### Work required
Print only the lines below from the one with "La Bonne Occase" to the one with "Stubby Cooler Stainless Steel Red - SNSTC-R", both included, exactly as they stand. Leave pictures out.

### Given entries
....

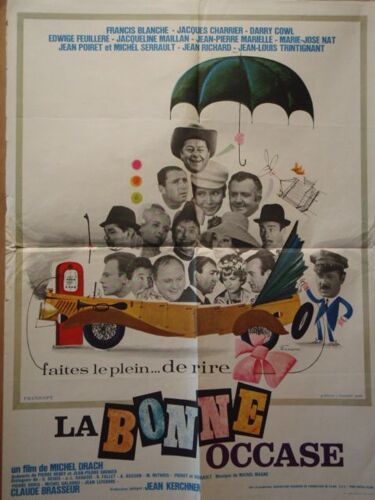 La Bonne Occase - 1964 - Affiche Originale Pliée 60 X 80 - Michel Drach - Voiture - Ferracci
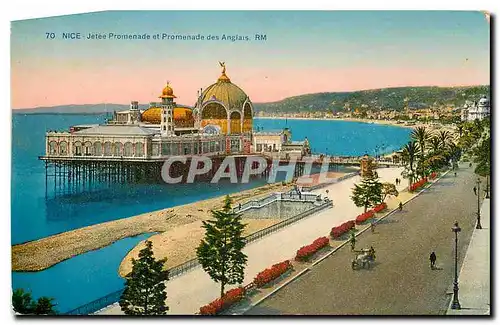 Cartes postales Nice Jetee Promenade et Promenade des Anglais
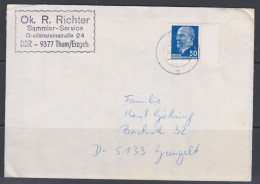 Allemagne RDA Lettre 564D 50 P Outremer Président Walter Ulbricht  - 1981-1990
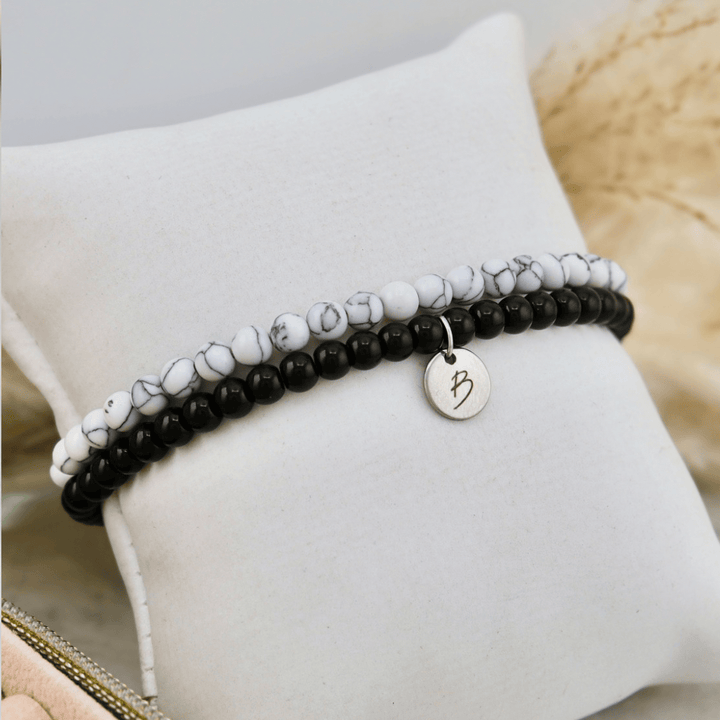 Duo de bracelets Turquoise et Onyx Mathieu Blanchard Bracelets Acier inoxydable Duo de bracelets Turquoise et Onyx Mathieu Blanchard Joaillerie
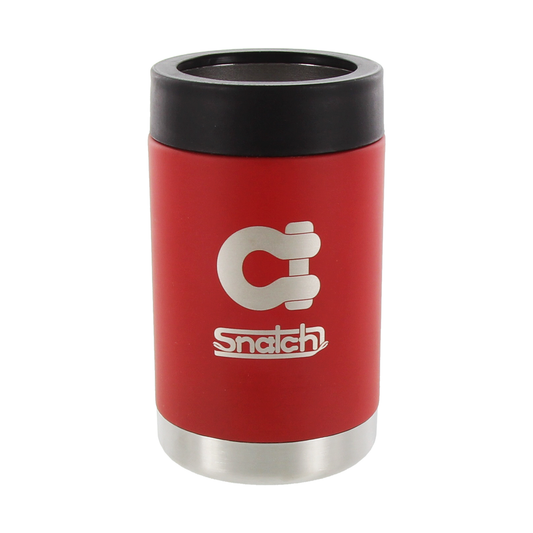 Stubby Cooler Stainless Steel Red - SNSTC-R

....

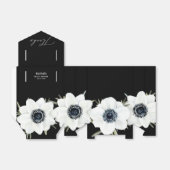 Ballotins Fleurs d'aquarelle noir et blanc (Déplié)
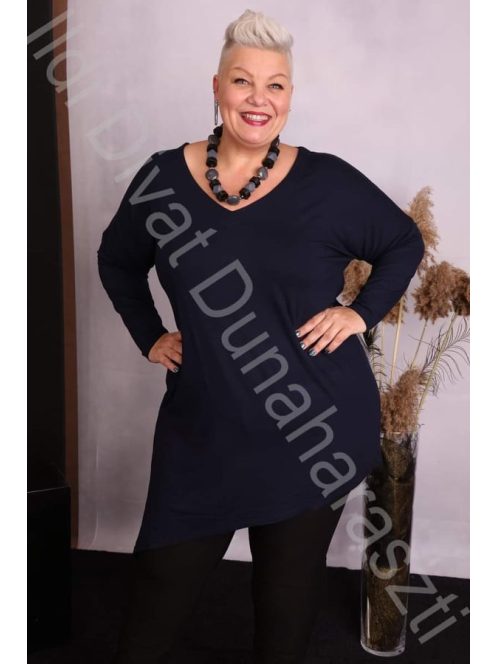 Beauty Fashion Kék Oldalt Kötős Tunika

....

### Reply
 La Bonne Occase - 1964 - Affiche Originale Pliée 60 X 80 - Michel Drach - Voiture - Ferracci
 Cartes postales Nice Jetee Promenade et Promenade des Anglais
 Allemagne RDA Lettre 564D 50 P Outremer Président Walter Ulbricht  - 1981-1990
 Duo de bracelets Turquoise et Onyx Mathieu Blanchard Bracelets Acier inoxydable Duo de bracelets Turquoise et Onyx Mathieu Blanchard Joaillerie
 Stubby Cooler Stainless Steel Red - SNSTC-R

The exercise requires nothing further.